───── Records provided
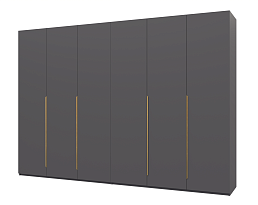 Изображение товара Распашной шкаф Пакс Альхейм 16 grey (gold) ИКЕА (IKEA) на сайте adeta.ru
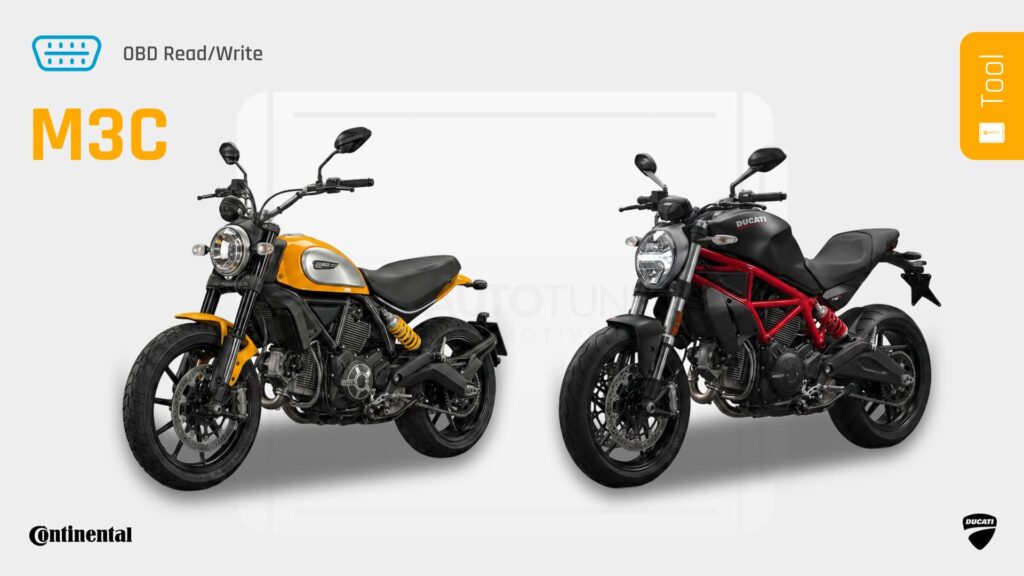 Continental M3C Chiptuning für Ducati per OBD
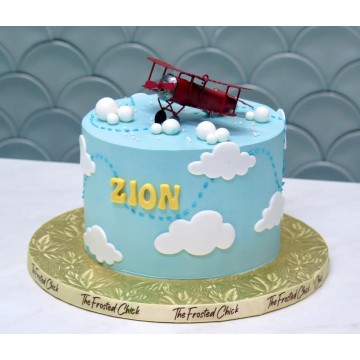 Airplane in the clouds Cake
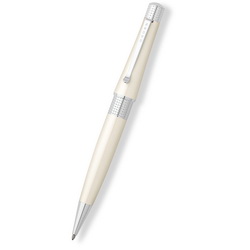 Ручка Cross Beverly White/Chrome шариковая ( корпус- латунь/лак, отделка-хром), цвет перламутровый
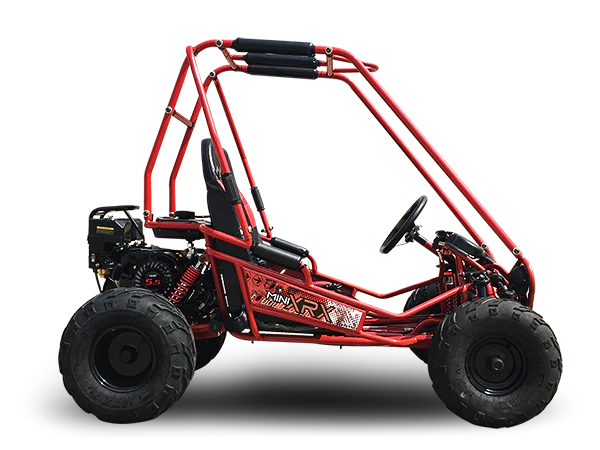 TrailMaster MINI XRX+ Kids Go Kart, 5.5hp Gas Engine with Electric Start, Remote Start/Kill, Ages 4-9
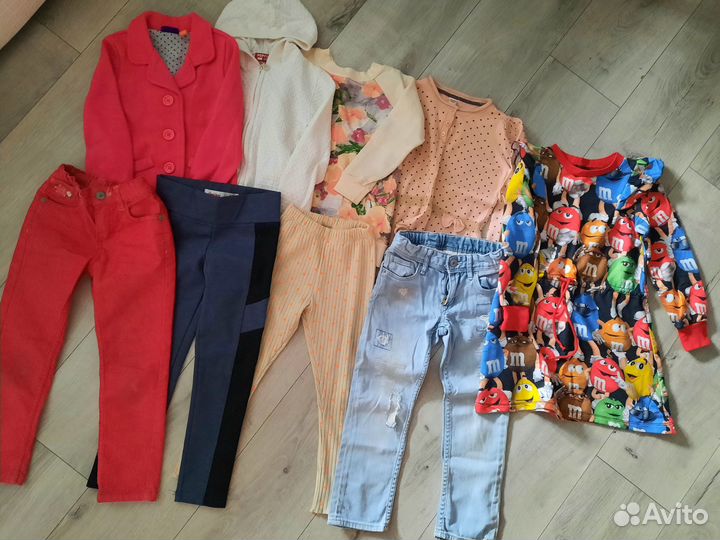 Комплект вещей для девочки 104-110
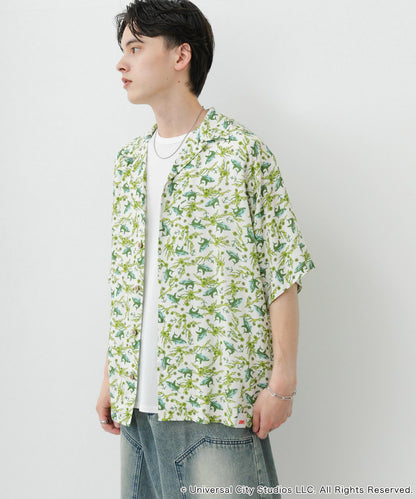 『聯名』JAWS×SENSE OF PLACE 全印花開領襯衫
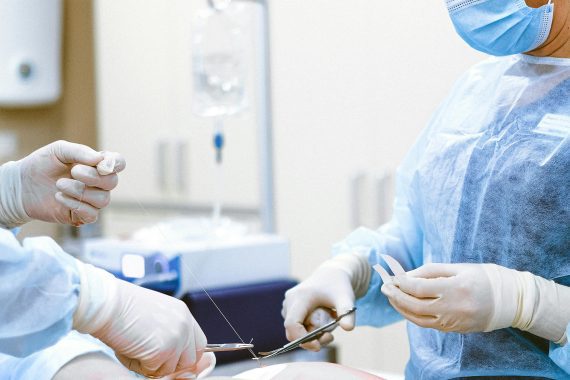 Doctors hands during a surgery. Image used for representation purposes. PHOTO/Pexels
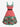 Gothic Plus Size Skull Hibiscus Flower Print Button A Line Dress with Removable Belt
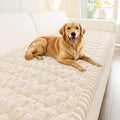 Smiry Funda de Sofá para Perros Lavable | Antideslizante Felpa Suave | Protector de Muebles Pet Friendly Crema 70x150cm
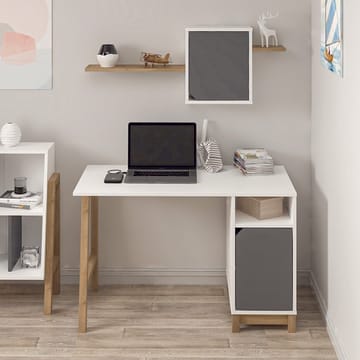 Skrivebord Kalune Design Venaro (120 x 75 x 60 cm) Hvit valnøtt - Hvit og valnøtt - Møbler - Bord - Kontorbord - Skrivebord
──────────
*Problem*: Write the lines above out again exactly, without any of their pictures.

*Solution*:
 Изображение товара Распашной шкаф Пакс Альхейм 16 grey (gold) ИКЕА (IKEA) на сайте adeta.ru
 Continental M3C Chiptuning für Ducati per OBD
 Airplane in the clouds Cake
 Ручка Cross Beverly White/Chrome шариковая ( корпус- латунь/лак, отделка-хром), цвет перламутровый
 TrailMaster MINI XRX+ Kids Go Kart, 5.5hp Gas Engine with Electric Start, Remote Start/Kill, Ages 4-9
 Комплект вещей для девочки 104-110
 『聯名』JAWS×SENSE OF PLACE 全印花開領襯衫
 Doctors hands during a surgery. Image used for representation purposes. PHOTO/Pexels
 Gothic Plus Size Skull Hibiscus Flower Print Button A Line Dress with Removable Belt
 Smiry Funda de Sofá para Perros Lavable | Antideslizante Felpa Suave | Protector de Muebles Pet Friendly Crema 70x150cm
 Skrivebord Kalune Design Venaro (120 x 75 x 60 cm) Hvit valnøtt - Hvit og valnøtt - Møbler - Bord - Kontorbord - Skrivebord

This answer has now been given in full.